# What to work on
Every line of the data must be copied exactly.

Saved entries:
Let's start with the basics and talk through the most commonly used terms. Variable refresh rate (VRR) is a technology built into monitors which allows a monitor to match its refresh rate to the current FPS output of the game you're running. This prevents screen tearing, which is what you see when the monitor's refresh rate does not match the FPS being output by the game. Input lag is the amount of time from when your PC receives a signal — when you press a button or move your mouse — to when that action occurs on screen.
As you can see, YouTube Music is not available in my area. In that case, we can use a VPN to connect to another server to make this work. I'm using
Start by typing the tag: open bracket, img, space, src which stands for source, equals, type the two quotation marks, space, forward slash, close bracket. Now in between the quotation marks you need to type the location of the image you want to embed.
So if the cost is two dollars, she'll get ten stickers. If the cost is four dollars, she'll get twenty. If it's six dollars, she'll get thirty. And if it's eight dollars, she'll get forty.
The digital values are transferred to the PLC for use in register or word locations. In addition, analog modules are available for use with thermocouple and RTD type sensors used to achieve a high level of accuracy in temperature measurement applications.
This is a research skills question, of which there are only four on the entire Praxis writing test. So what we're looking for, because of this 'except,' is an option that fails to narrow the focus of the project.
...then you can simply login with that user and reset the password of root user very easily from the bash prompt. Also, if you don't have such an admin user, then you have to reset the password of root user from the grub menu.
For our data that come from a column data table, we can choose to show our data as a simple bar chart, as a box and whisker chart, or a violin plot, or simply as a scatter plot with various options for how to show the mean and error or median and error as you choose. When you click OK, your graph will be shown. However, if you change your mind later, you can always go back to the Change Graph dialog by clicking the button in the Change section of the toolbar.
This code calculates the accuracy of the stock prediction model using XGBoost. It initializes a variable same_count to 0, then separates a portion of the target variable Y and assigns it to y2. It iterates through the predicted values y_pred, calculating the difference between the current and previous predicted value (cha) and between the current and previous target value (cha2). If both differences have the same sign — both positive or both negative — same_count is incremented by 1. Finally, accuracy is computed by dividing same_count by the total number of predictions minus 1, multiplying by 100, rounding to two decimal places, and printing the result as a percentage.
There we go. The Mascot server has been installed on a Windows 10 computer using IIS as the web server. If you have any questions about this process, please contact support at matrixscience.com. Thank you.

# Exercise answer
Let's start with the basics and talk through the most commonly used terms. Variable refresh rate (VRR) is a technology built into monitors which allows a monitor to match its refresh rate to the current FPS output of the game you're running. This prevents screen tearing, which is what you see when the monitor's refresh rate does not match the FPS being output by the game. Input lag is the amount of time from when your PC receives a signal — when you press a button or move your mouse — to when that action occurs on screen.
As you can see, YouTube Music is not available in my area. In that case, we can use a VPN to connect to another server to make this work. I'm using
Start by typing the tag: open bracket, img, space, src which stands for source, equals, type the two quotation marks, space, forward slash, close bracket. Now in between the quotation marks you need to type the location of the image you want to embed.
So if the cost is two dollars, she'll get ten stickers. If the cost is four dollars, she'll get twenty. If it's six dollars, she'll get thirty. And if it's eight dollars, she'll get forty.
The digital values are transferred to the PLC for use in register or word locations. In addition, analog modules are available for use with thermocouple and RTD type sensors used to achieve a high level of accuracy in temperature measurement applications.
This is a research skills question, of which there are only four on the entire Praxis writing test. So what we're looking for, because of this 'except,' is an option that fails to narrow the focus of the project.
...then you can simply login with that user and reset the password of root user very easily from the bash prompt. Also, if you don't have such an admin user, then you have to reset the password of root user from the grub menu.
For our data that come from a column data table, we can choose to show our data as a simple bar chart, as a box and whisker chart, or a violin plot, or simply as a scatter plot with various options for how to show the mean and error or median and error as you choose. When you click OK, your graph will be shown. However, if you change your mind later, you can always go back to the Change Graph dialog by clicking the button in the Change section of the toolbar.
This code calculates the accuracy of the stock prediction model using XGBoost. It initializes a variable same_count to 0, then separates a portion of the target variable Y and assigns it to y2. It iterates through the predicted values y_pred, calculating the difference between the current and previous predicted value (cha) and between the current and previous target value (cha2). If both differences have the same sign — both positive or both negative — same_count is incremented by 1. Finally, accuracy is computed by dividing same_count by the total number of predictions minus 1, multiplying by 100, rounding to two decimal places, and printing the result as a percentage.
There we go. The Mascot server has been installed on a Windows 10 computer using IIS as the web server. If you have any questions about this process, please contact support at matrixscience.com. Thank you.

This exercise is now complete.